== INSTRUCTIONS FOR THE TASK ==
Among the lines below, output only those between the line holding "Set II Polo" and the line holding "Naklejka premium Cosmic Nebula", inclusive, exactly as written and with no pictures.

== THE INPUT ==
****************************************
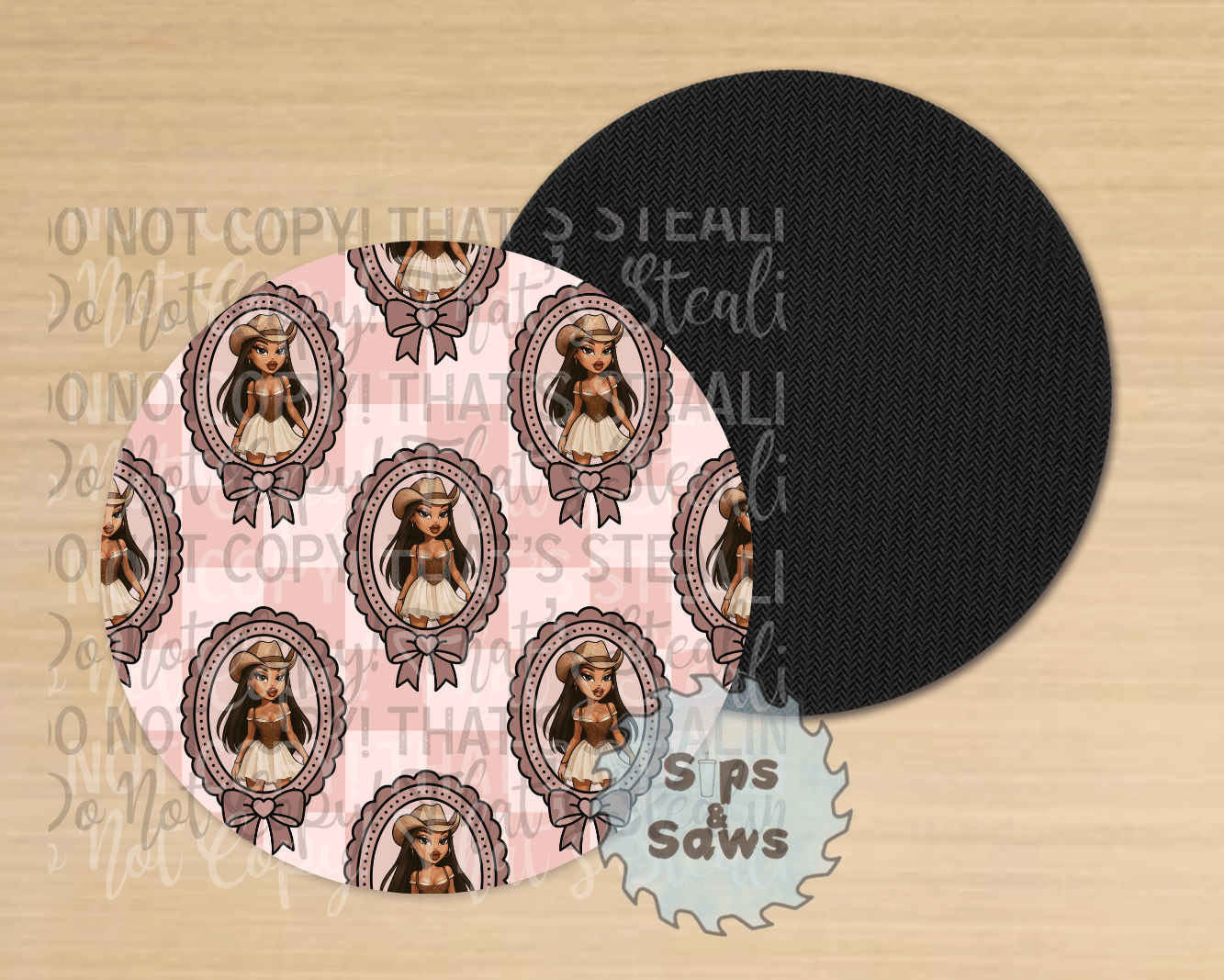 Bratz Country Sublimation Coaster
****************************************
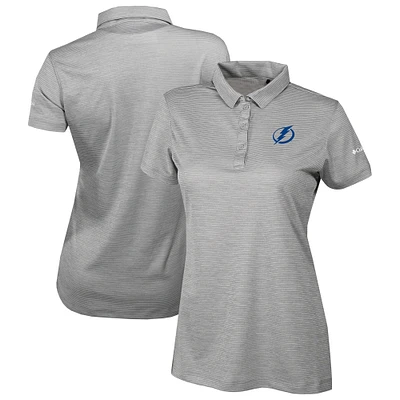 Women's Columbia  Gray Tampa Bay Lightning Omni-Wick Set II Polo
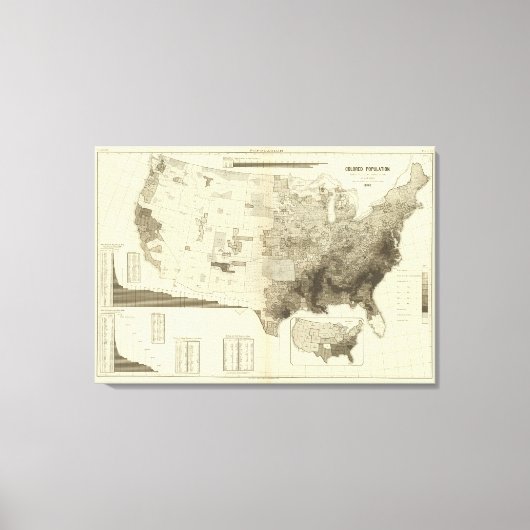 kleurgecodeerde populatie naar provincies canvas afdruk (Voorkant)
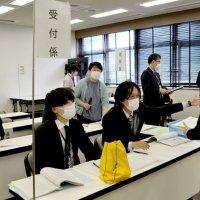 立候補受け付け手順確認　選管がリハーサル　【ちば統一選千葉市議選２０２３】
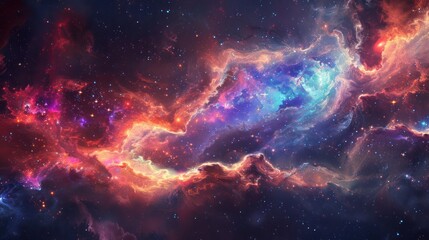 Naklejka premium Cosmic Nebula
****************************************
== WRITTEN RESPONSE ==
 Women's Columbia  Gray Tampa Bay Lightning Omni-Wick Set II Polo
 kleurgecodeerde populatie naar provincies canvas afdruk (Voorkant)
 立候補受け付け手順確認　選管がリハーサル　【ちば統一選千葉市議選２０２３】
 Naklejka premium Cosmic Nebula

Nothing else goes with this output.